ファルケ・ウラガンの急降下の勢いが止まり地面に足を付き、ルーナ・プレーナと正面から対峙する形のなる。
「……両手で受け止めるなど……普通は考えんぞ……バカかキサマ?」
それにシモンは答えない。三体式の構えから中段突き―――崩拳を食らわせた。腹部に深々と拳が突き刺さりファルケ・ウラガンは吹っ飛んだ。
「シモン君!」
後ろからインディ・ゴウが駆けてきた。インディ・ゴウの頭上には太極球が浮いていた。
「シモン君……ルーナ・プレーナのその両腕……どうしたの?」
「それは後で、それより……」
倒れていたファルケ・ウラガンがユラリと立ち上がりルーナ・プレーナとインディ・ゴウを射抜くように睨みつけていた。

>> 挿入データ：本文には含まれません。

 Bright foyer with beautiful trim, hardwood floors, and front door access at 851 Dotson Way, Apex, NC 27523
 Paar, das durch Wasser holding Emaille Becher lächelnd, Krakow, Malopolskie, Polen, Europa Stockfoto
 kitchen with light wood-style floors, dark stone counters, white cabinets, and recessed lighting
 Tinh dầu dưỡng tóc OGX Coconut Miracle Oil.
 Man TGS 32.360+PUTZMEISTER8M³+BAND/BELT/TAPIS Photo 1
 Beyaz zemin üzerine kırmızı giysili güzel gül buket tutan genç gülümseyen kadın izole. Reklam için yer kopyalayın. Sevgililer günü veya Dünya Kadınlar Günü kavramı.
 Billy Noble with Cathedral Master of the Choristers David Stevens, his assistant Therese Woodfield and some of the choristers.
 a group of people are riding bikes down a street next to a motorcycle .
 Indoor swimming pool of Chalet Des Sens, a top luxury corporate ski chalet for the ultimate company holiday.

「一度ならず二度までもくだらない小細工で……ここまで我を……クソォォォォ!!!!」
怒髪天を突いたファルケ・ウラガンは翼を広げ、高速振動させた。ファルケ・ウラガンの最大攻撃である音撃を行う前の予備動作だった。
「その攻撃は無意味よ。こっちには太極球がある。お前の攻撃は跳ね返されるよ」
(そうだ、そうだ)
サリナの言葉とインディ・ゴウの思念にファルケ・ウラガンは笑う。
「…その球はこちらの攻撃を全て受け止める事が出来るのか? さっきの攻撃は全力で放ったものではないぞ。今度は手加減なしの全力の音撃を食らわせてくれる!! 負ければ間違いなくどちらかが死ぬ……二体の偽の神よ! 勝負だ!!」
燃え上がるような闘志がファルケ・ウラガンの肉体が一回り大きくなったように見える。こちらが有利であるのにインディ・ゴウは気圧され一歩後ろに下がってしまう。
「下がっちゃダメですよ、サリナさん」
下がるインディ・ゴウの肩に手を置くルーナ・プレーナ。ルーナ・プレーナの腕は本来の物に戻っており、杯と円盤はルーナプレーナの週に浮遊していた。
「でもシモン君……」
(何か……一皮むけたって感じだよ。マズいよ、シモン兄ちゃん)
不安げなサリナの声とインディ・ゴウの思念にシモンは落ち着いた声で答える。